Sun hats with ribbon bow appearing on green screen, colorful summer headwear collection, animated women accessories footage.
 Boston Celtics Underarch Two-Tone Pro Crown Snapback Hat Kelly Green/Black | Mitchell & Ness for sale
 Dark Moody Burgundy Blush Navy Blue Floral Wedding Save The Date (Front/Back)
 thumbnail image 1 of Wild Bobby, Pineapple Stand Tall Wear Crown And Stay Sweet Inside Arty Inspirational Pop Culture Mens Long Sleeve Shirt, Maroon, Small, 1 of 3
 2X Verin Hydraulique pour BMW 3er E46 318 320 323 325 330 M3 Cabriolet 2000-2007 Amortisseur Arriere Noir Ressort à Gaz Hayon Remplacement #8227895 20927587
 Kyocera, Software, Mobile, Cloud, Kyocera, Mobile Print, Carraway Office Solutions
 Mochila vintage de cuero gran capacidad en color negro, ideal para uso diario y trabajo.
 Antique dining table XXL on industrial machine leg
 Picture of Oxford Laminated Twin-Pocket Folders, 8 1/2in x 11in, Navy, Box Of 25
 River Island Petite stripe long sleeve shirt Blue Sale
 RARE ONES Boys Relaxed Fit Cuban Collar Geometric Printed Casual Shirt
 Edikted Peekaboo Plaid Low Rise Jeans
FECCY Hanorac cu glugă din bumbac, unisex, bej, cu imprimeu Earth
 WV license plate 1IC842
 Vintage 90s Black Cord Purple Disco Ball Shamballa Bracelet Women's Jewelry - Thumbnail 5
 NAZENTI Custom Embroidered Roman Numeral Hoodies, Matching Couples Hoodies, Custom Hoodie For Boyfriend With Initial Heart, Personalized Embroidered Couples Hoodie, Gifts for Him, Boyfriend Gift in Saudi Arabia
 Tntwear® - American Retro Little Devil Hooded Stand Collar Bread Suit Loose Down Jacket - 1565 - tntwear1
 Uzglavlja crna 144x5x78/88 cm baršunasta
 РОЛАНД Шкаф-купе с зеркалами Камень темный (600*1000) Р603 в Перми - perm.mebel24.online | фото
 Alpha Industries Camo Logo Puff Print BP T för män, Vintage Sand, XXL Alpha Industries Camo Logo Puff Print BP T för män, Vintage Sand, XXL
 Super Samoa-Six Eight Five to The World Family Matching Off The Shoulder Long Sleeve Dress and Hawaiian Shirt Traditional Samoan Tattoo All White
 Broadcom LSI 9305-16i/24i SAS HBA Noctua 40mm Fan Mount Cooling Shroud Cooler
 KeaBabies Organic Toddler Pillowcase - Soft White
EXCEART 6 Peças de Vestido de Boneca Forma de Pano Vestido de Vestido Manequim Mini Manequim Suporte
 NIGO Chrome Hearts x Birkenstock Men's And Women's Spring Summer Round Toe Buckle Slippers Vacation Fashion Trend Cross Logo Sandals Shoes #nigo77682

————————

Problem to work on
In the answer, the lines from the first line of the data above through the line containing "Dark Moody Burgundy" must appear exactly as written, with nothing else.

Answer to this task
Sun hats with ribbon bow appearing on green screen, colorful summer headwear collection, animated women accessories footage.
 Boston Celtics Underarch Two-Tone Pro Crown Snapback Hat Kelly Green/Black | Mitchell & Ness for sale
 Dark Moody Burgundy Blush Navy Blue Floral Wedding Save The Date (Front/Back)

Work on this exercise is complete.